* [Records supplied]

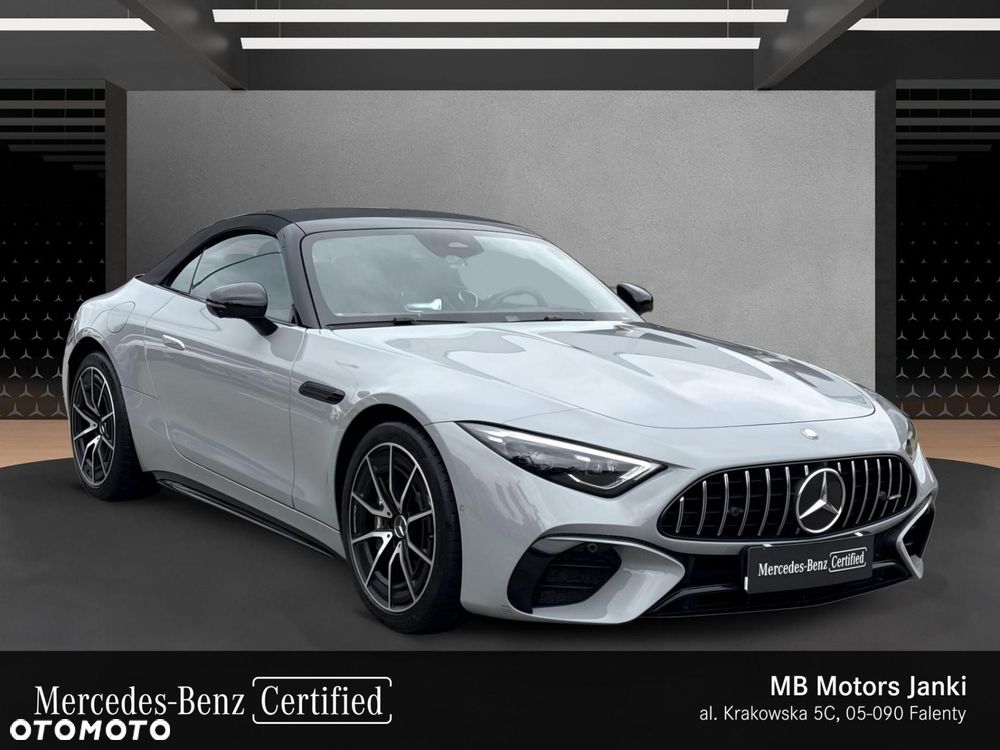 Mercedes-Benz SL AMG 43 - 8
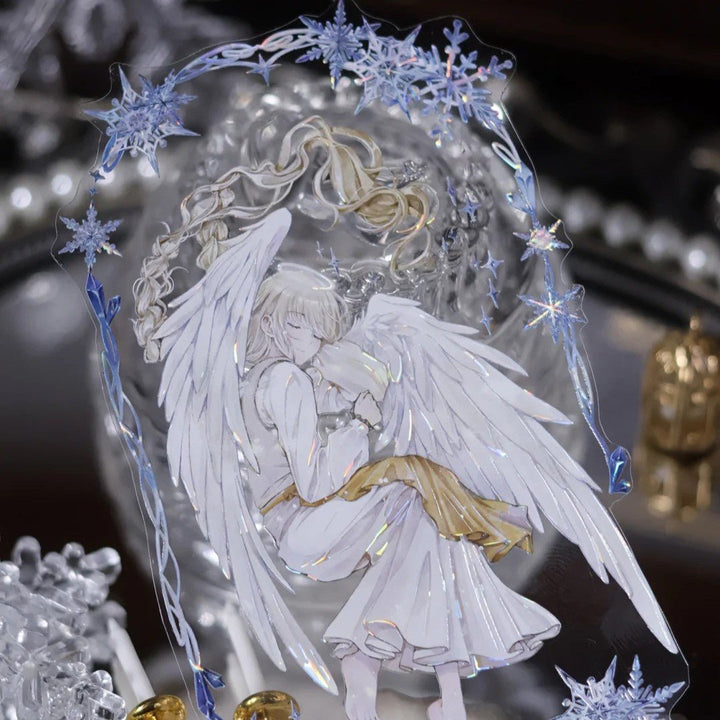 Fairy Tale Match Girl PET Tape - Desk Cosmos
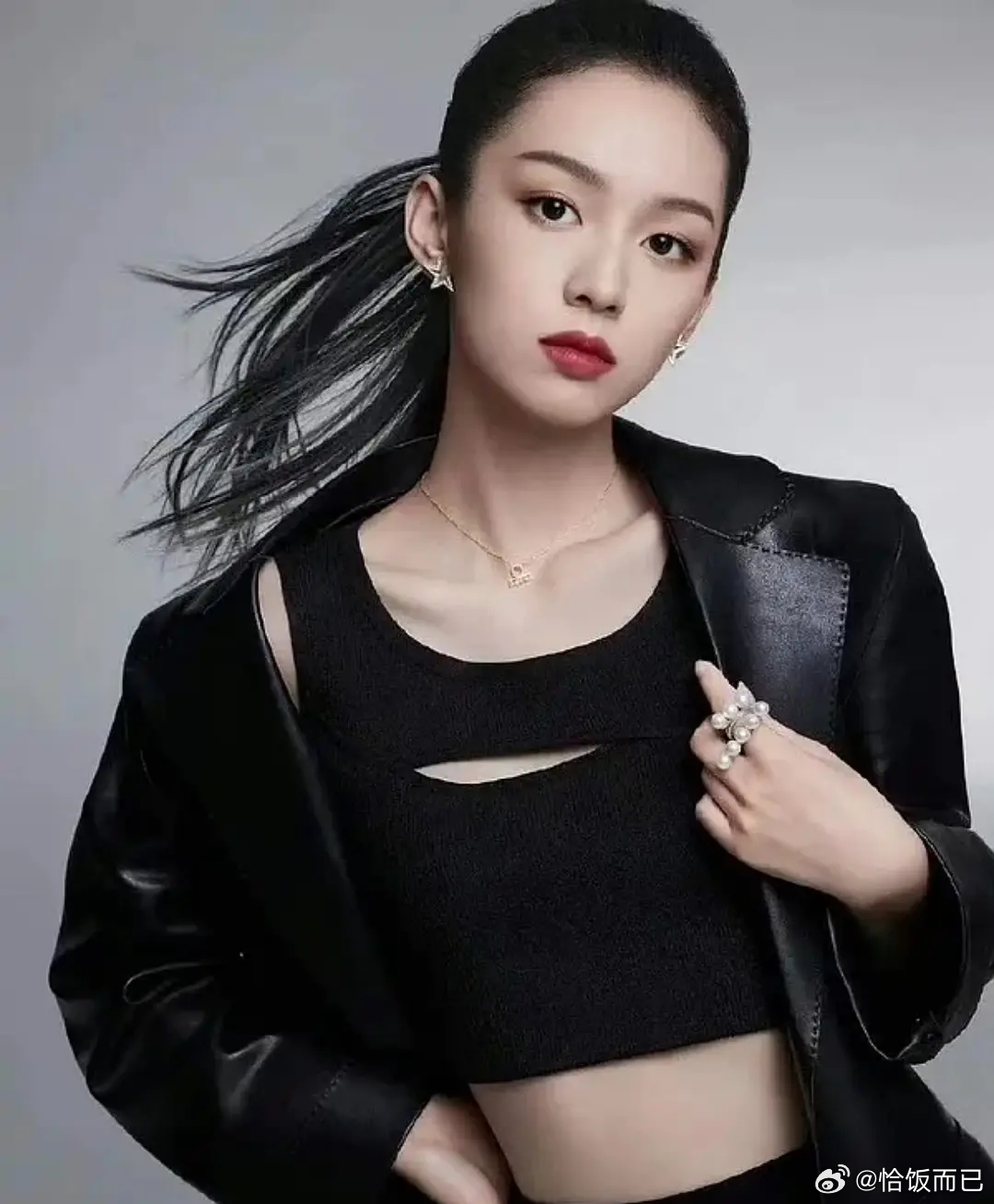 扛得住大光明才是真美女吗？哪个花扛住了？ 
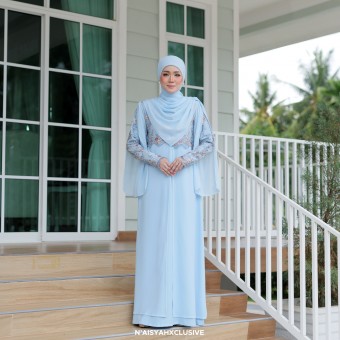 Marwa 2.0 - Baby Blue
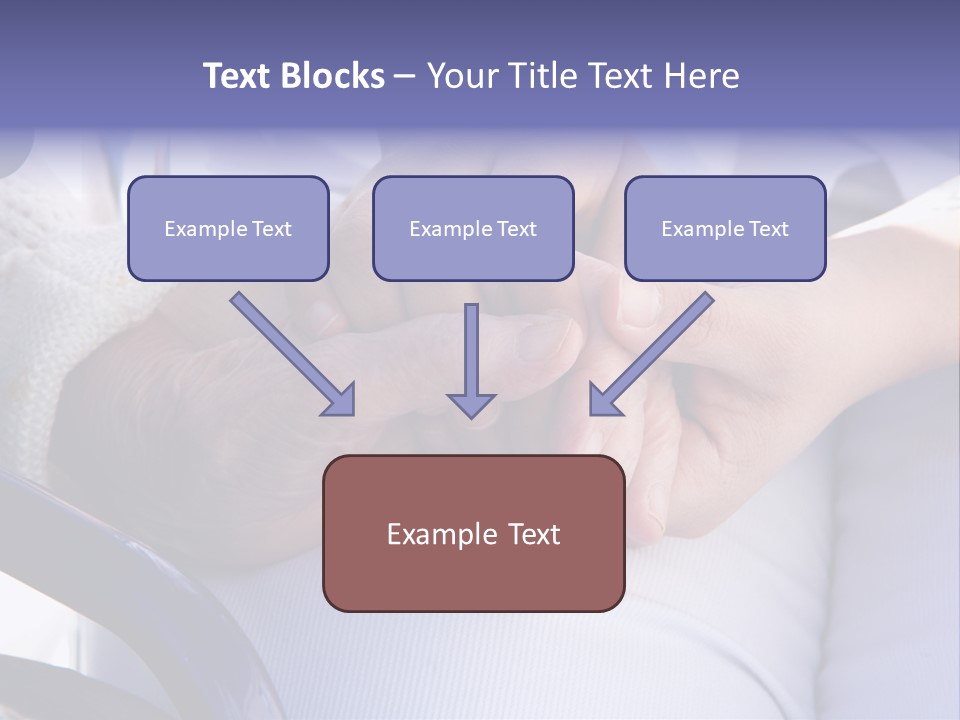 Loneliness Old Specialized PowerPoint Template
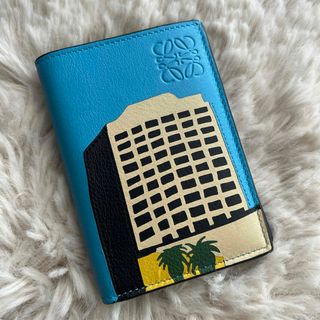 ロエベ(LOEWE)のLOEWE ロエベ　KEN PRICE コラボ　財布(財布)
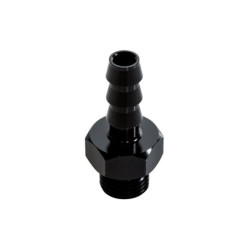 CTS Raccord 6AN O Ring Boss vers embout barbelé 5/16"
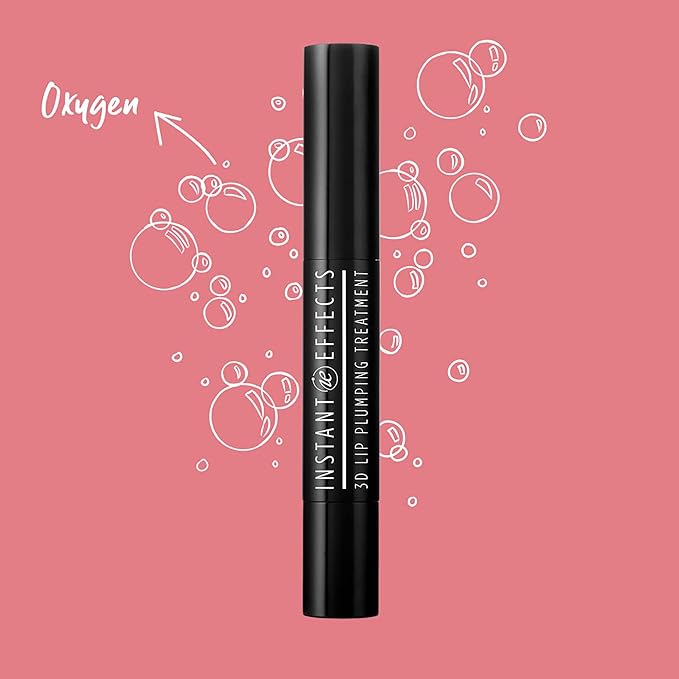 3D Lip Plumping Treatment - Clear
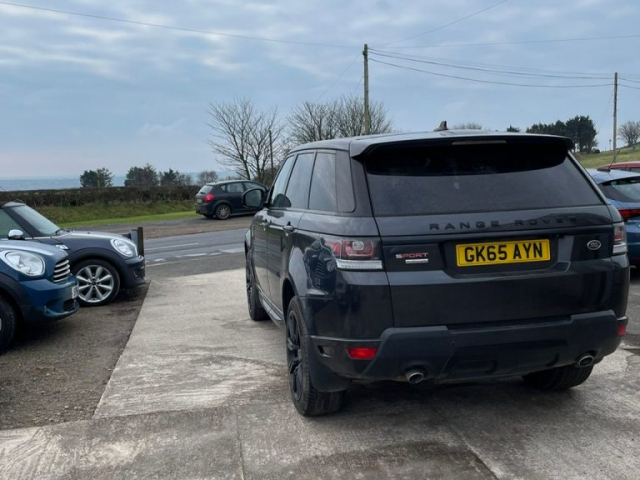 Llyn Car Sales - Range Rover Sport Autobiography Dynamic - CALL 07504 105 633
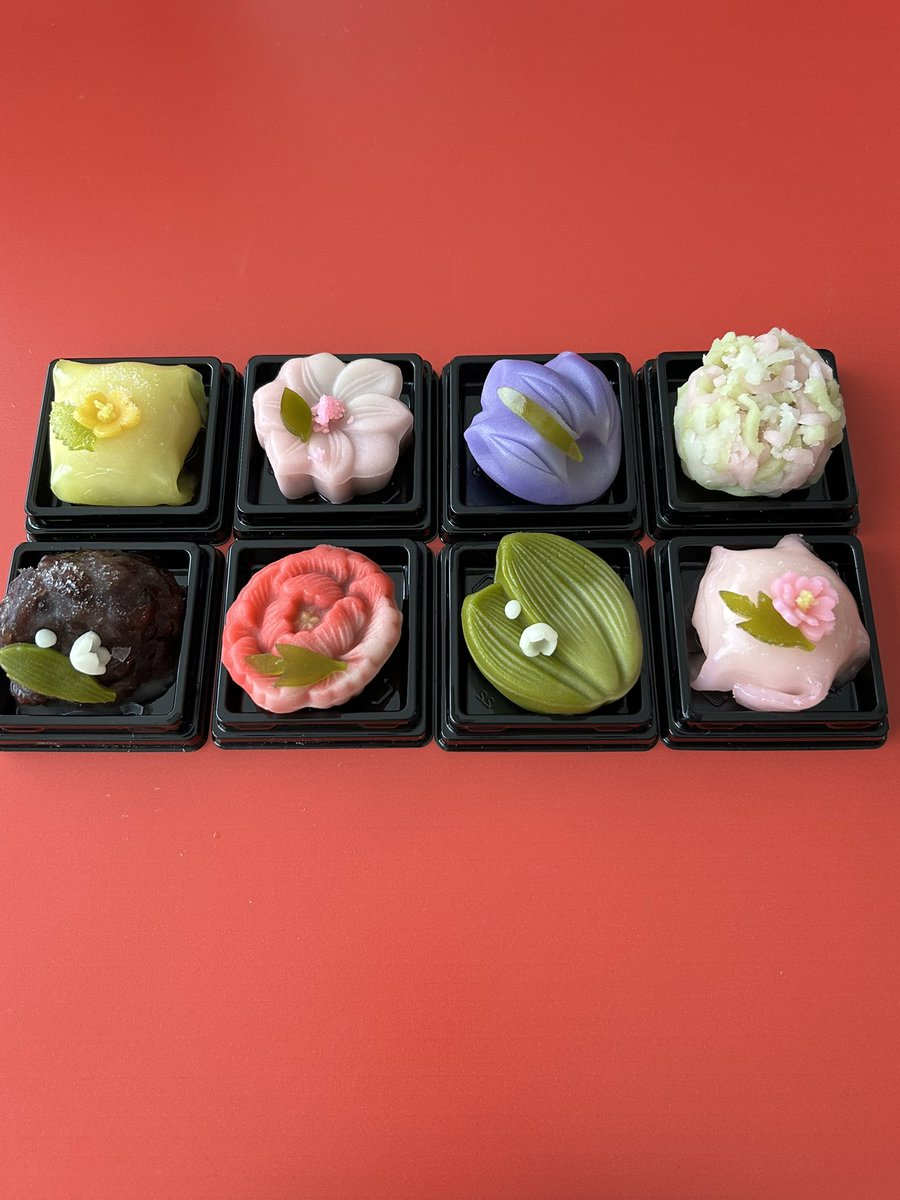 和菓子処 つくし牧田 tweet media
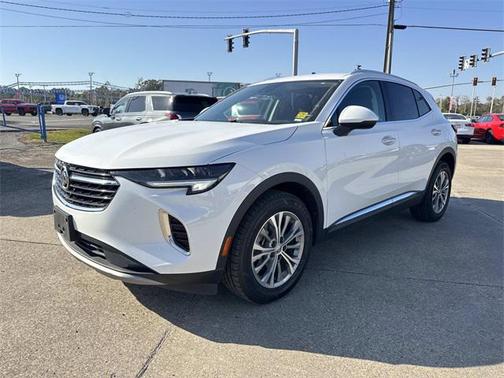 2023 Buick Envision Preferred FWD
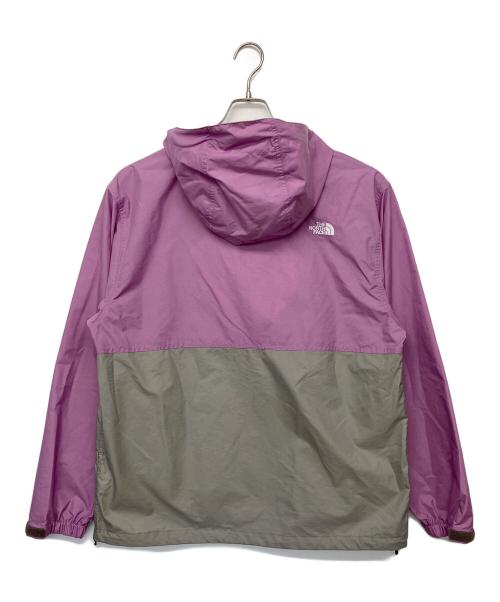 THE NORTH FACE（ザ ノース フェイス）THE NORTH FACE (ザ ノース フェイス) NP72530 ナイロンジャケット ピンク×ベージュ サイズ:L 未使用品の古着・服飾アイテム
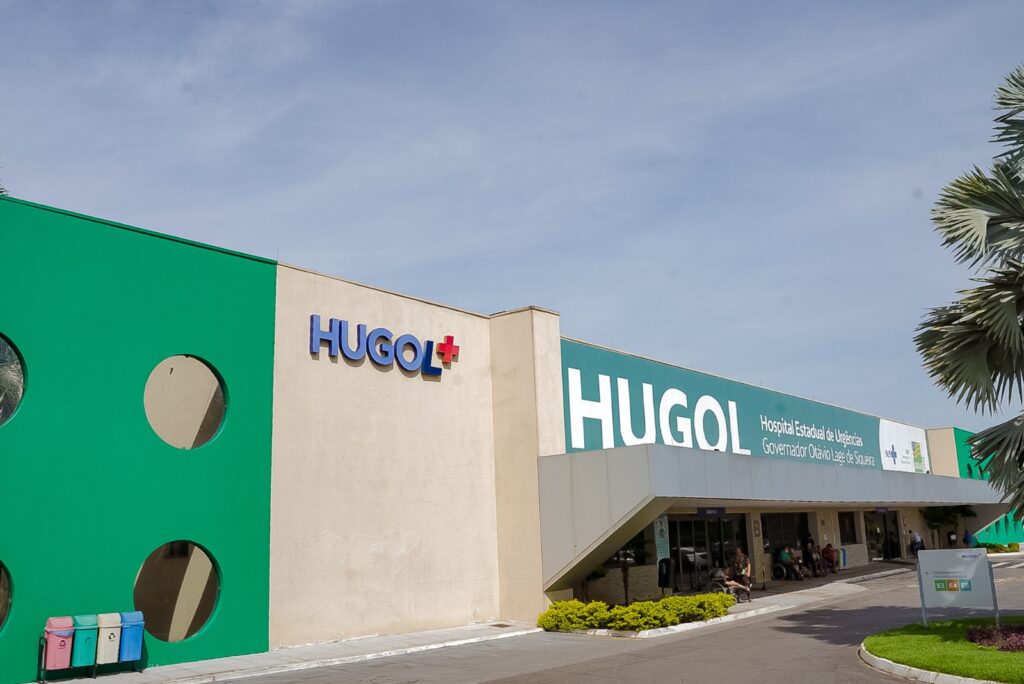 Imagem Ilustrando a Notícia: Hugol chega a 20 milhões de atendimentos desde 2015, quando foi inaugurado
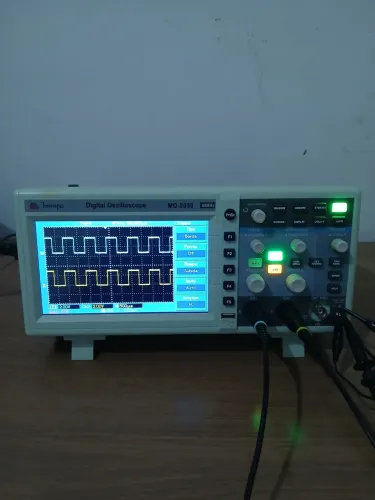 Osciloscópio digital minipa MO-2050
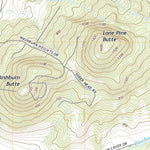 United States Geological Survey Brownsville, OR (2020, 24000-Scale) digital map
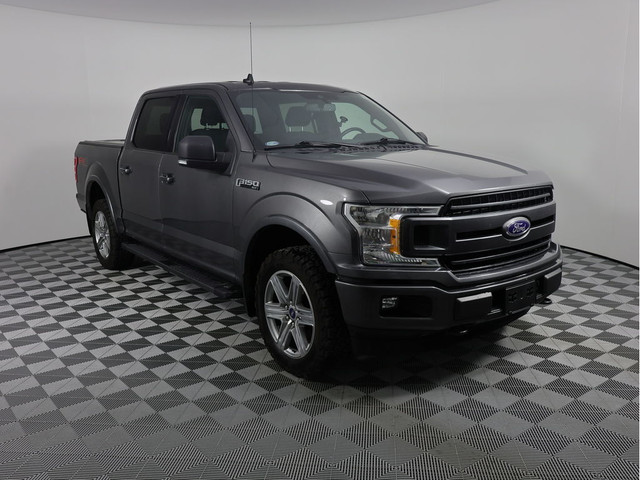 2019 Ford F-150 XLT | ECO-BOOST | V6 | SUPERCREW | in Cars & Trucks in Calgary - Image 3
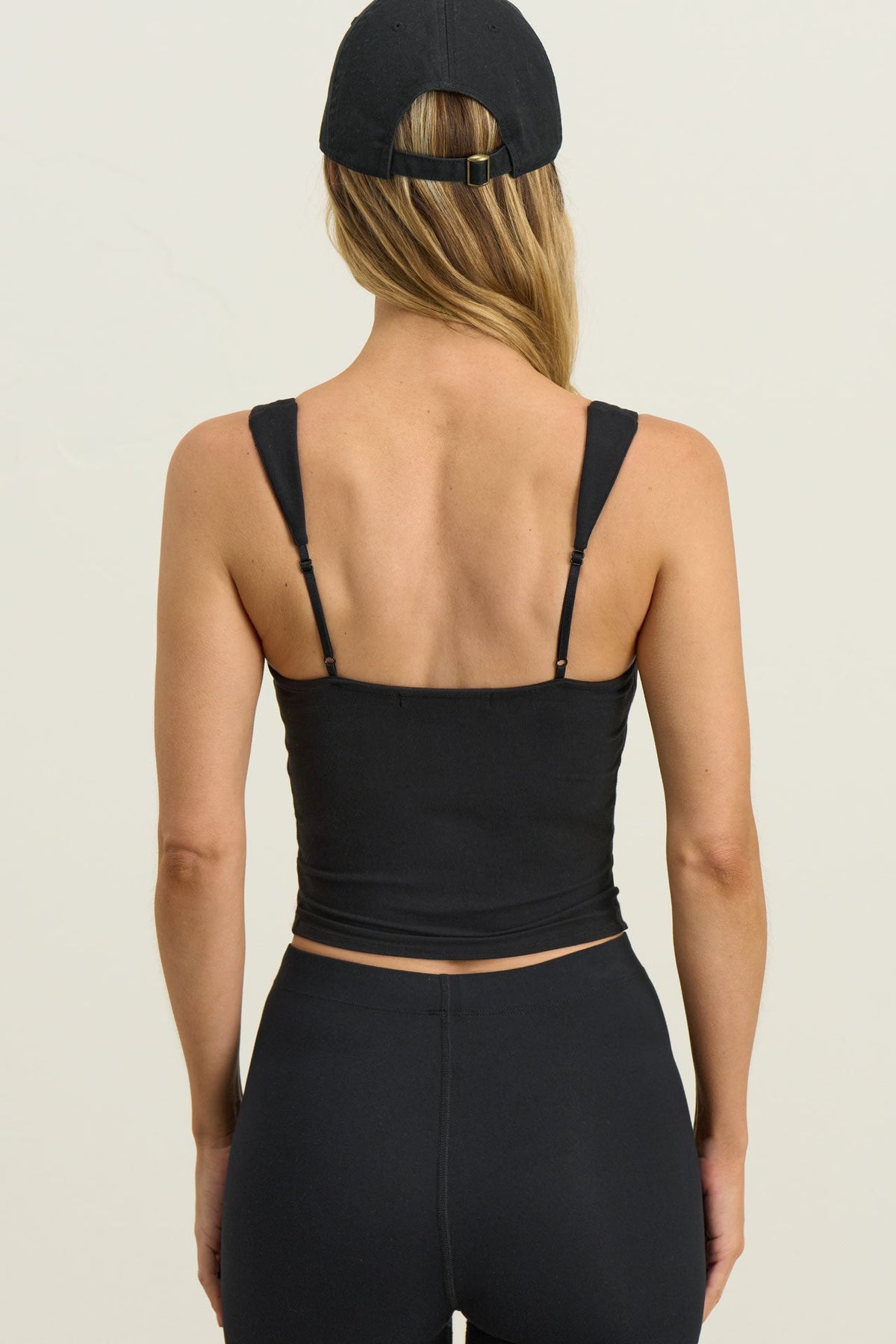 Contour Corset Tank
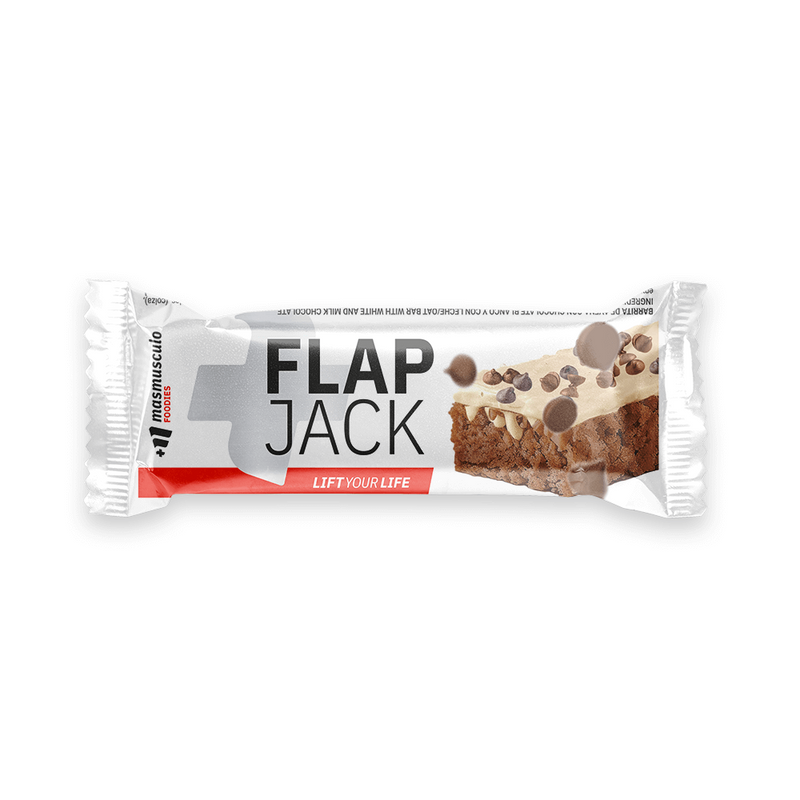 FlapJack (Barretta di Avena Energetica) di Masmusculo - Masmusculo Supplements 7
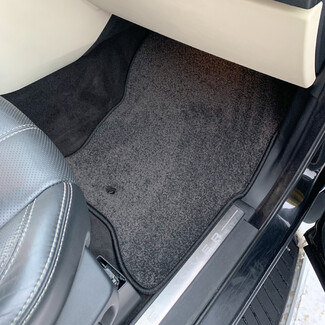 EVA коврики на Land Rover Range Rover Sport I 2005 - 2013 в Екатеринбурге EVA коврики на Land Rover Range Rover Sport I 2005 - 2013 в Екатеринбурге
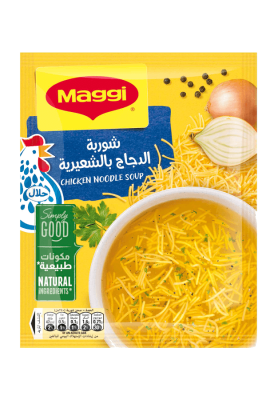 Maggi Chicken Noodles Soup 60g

* [Exercise details]
Pictures excluded, reproduce only the part above that opens with the line holding "3D Lip Plumping Treatment - Clear" and closes with the line holding "United States Geological", exactly as written.

* [Response for this exercise]
 3D Lip Plumping Treatment - Clear
 Llyn Car Sales - Range Rover Sport Autobiography Dynamic - CALL 07504 105 633
 和菓子処 つくし牧田 tweet media
 2023 Buick Envision Preferred FWD
 THE NORTH FACE（ザ ノース フェイス）THE NORTH FACE (ザ ノース フェイス) NP72530 ナイロンジャケット ピンク×ベージュ サイズ:L 未使用品の古着・服飾アイテム
 Imagem Ilustrando a Notícia: Hugol chega a 20 milhões de atendimentos desde 2015, quando foi inaugurado
 Osciloscópio digital minipa MO-2050
 United States Geological Survey Brownsville, OR (2020, 24000-Scale) digital map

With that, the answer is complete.